## TASK STATEMENT
So that the copy stays text only, transcribe the data below exactly and exclude the images.

## RAW DATA

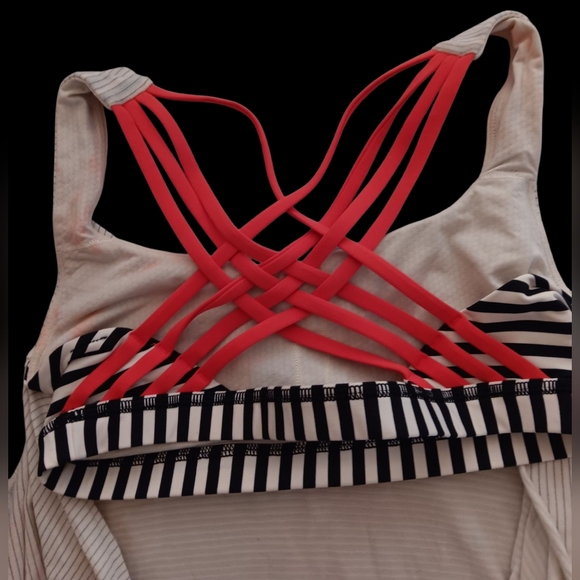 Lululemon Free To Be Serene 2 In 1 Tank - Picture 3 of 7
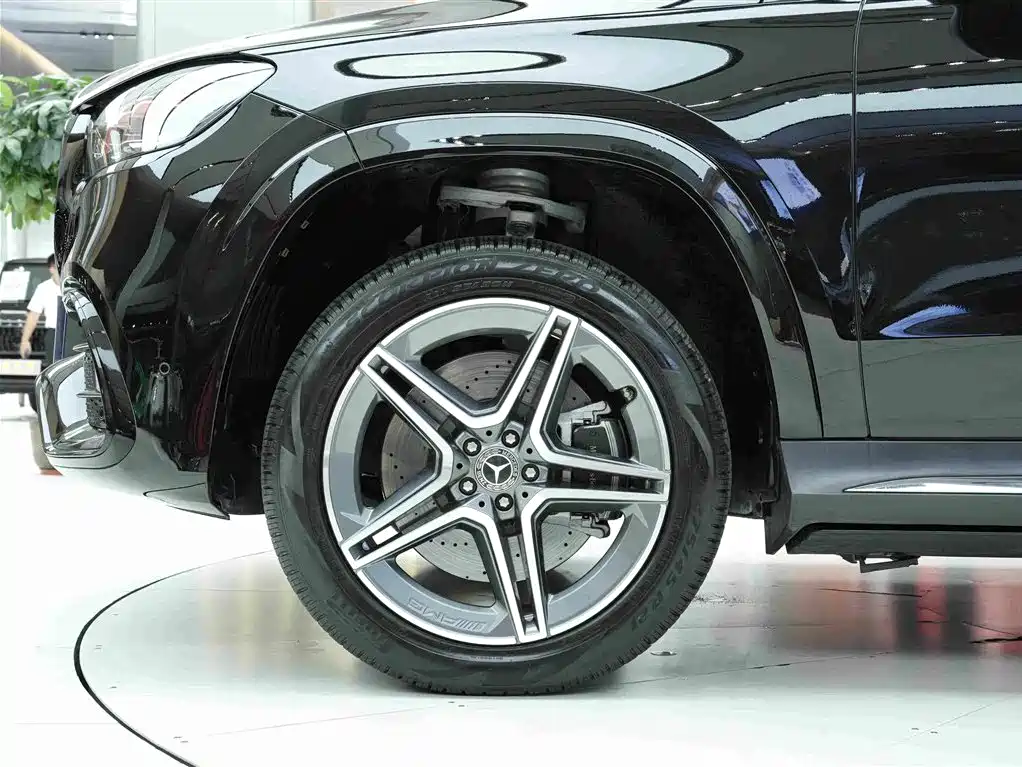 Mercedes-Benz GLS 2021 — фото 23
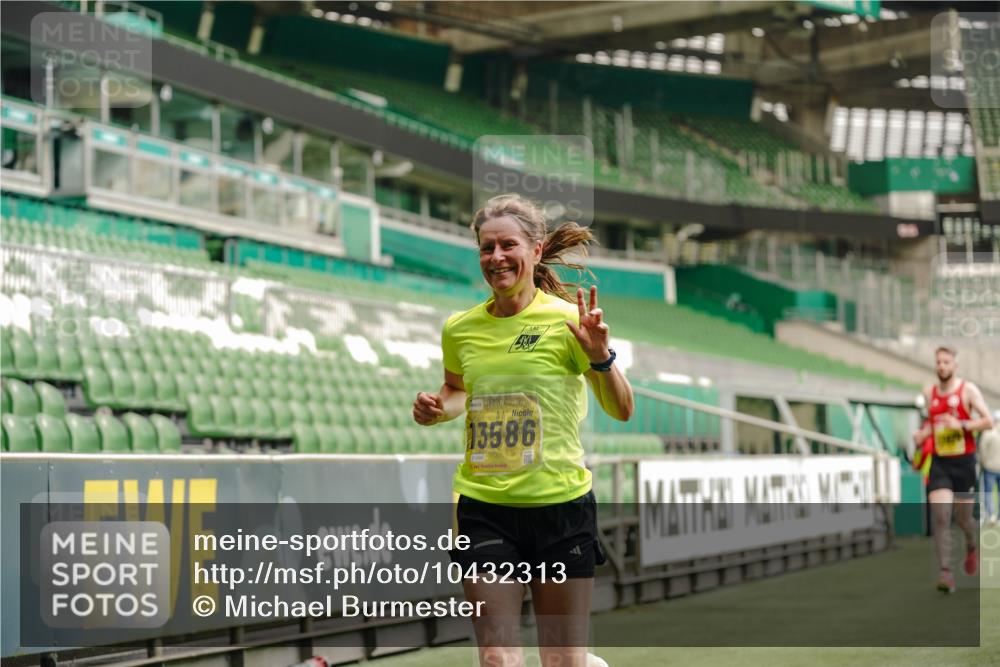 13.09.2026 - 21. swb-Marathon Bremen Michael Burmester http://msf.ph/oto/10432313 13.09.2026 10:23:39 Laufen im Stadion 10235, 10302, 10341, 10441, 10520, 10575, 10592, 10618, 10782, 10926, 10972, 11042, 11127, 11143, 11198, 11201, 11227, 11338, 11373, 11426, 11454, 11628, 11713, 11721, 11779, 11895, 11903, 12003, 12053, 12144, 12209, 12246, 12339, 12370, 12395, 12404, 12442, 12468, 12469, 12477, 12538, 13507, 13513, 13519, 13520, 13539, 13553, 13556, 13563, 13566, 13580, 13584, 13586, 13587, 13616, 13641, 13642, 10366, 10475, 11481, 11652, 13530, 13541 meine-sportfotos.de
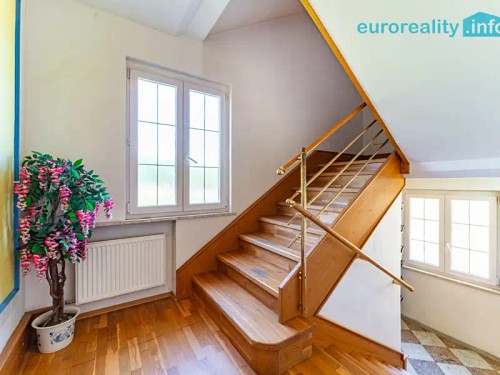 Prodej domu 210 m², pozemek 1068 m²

## SOLUTION BELOW
 Lululemon Free To Be Serene 2 In 1 Tank - Picture 3 of 7
 Mercedes-Benz GLS 2021 — фото 23
 13.09.2026 - 21. swb-Marathon Bremen Michael Burmester http://msf.ph/oto/10432313 13.09.2026 10:23:39 Laufen im Stadion 10235, 10302, 10341, 10441, 10520, 10575, 10592, 10618, 10782, 10926, 10972, 11042, 11127, 11143, 11198, 11201, 11227, 11338, 11373, 11426, 11454, 11628, 11713, 11721, 11779, 11895, 11903, 12003, 12053, 12144, 12209, 12246, 12339, 12370, 12395, 12404, 12442, 12468, 12469, 12477, 12538, 13507, 13513, 13519, 13520, 13539, 13553, 13556, 13563, 13566, 13580, 13584, 13586, 13587, 13616, 13641, 13642, 10366, 10475, 11481, 11652, 13530, 13541 meine-sportfotos.de
 Prodej domu 210 m², pozemek 1068 m²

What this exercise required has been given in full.